2. Türk Medeni Kanunu’nun 747/2 nci maddesi gereğince geçit isteği, önceki mülkiyet ve yol durumuna göre en uygun komşuya, bu şekilde ihtiyacın karşılanmaması hâlinde geçit tesisinden en az zarar görecek olana yöneltilmelidir. Zira geçit hakkı taşınmaz mülkiyetini sınırlayan bir irtifak hakkı olmakla birlikte, özünü komşuluk hukukundan alır. Bunun doğal sonucu olarak yol saptanırken komşuluk hukuku ilkeleri gözetilmelidir.
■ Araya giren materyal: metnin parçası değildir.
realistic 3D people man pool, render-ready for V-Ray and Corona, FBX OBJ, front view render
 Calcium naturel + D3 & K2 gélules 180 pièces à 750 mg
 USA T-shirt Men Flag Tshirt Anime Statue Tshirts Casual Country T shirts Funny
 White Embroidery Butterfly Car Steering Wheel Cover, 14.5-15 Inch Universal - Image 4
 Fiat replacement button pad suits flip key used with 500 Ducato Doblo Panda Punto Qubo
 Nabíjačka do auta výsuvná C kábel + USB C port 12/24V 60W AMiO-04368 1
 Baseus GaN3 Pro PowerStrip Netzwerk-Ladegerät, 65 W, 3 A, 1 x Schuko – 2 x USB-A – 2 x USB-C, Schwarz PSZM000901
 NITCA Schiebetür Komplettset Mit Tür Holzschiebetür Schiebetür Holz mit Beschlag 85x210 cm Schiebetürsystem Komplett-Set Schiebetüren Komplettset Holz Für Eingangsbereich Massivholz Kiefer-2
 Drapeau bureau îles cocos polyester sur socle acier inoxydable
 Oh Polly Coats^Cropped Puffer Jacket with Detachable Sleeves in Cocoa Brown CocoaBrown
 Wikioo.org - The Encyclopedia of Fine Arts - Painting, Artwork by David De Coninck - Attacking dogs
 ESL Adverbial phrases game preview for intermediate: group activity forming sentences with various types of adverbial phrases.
Geçit ihtiyacının nedeni, taşınmazın niteliği ile bu ihtiyacın nasıl ve hangi araçlarla karşılanacağı; davacının sübjektif arzularına göre değil, objektif esaslara uygun olarak belirlenmeli, taşınmaz mülkiyetinin sınırlandırılması konusunda genel bir ilke olan fedakârlığın denkleştirilmesi prensibi dikkatten kaçırılmamalıdır.
3. Uygun güzergâh saptanırken önemle üzerinde durulması gereken diğer bir yön ise, aleyhine geçit kurulan taşınmaz veya taşınmazlar bölünerek kullanım şekli ve bütünlüğünün bozulmamasıdır.
4. Yararına geçit kurulacak taşınmazın tapuda kayıtlı niteliği ve kullanım amacı nazara alınarak özellikle tarım alanlarında, nihayet bir tarım aracının geçeceği genişlikte (emsaline göre 2,5 – 3 m.) geçit hakkı tesisine karar vermek gerekir. Bu genişliği aşan bir yol verilmesinin zorunlu olduğu hâllerde, gerekçesi kararda dayanakları ile birlikte gösterilmelidir.
5. Şayet başka türlü geçit tesisi mümkün değilse bunun gerekçesi kararda açıkça gösterilmelidir.
3. Değerlendirme
1. Mahkemece, bozma ilâmına uyulduğu hâlde bozma ilâmının gereklerinin yerine getirilmemesi hükmün bozulmasını gerektirmiştir. Bilindiği üzere, mahkemenin bozma kararına uymasıyla, bozma kararı lehine olan taraf yararına usuli kazanılmış bir hak doğar. Yani; bir mahkemenin Yargıtay Dairesince verilen bozma kararına uyması sonunda, kendisi için, o kararda gösterilen şekilde inceleme ve araştırma yapmak, yine o kararda belirtilen hukuki esaslar gereğince karar vermek yükümlülüğü oluştuğundan, bu mahkemenin sonraki hükmünün bozmada gösterilen esaslara aykırı olması usule uygun sayılmaz. Mahkemenin bozma kararına uyması ile oluşan, bozma uyarınca işlem yapma ve hüküm verme durumu, yanlardan birisi lehine, diğeri aleyhine hüküm kurma sonucunu doğuracak bir durumdur ve buna usuli kazanılmış hak denilmektedir. Bu kurum usul yasasının dayandığı ana esaslardan olduğu gibi, kamu düzeni ile ilgili bulunması nedeniyle de re’sen gözetilmesi gerekir. 6100 sayılı Hukuk Muhakemeleri Kanunu’nda düzenlenmiş olmamakla birlikte uygulama ve Yargıtay İçtihadı Birleştirme Kararlarıyla (04.02.1959 günlü ve 13/5 sayılı İ.B.K. 09.05.1960 günlü ve 21/9 sayılı İ.B.K.) yargılama hukukundaki yerini almıştır.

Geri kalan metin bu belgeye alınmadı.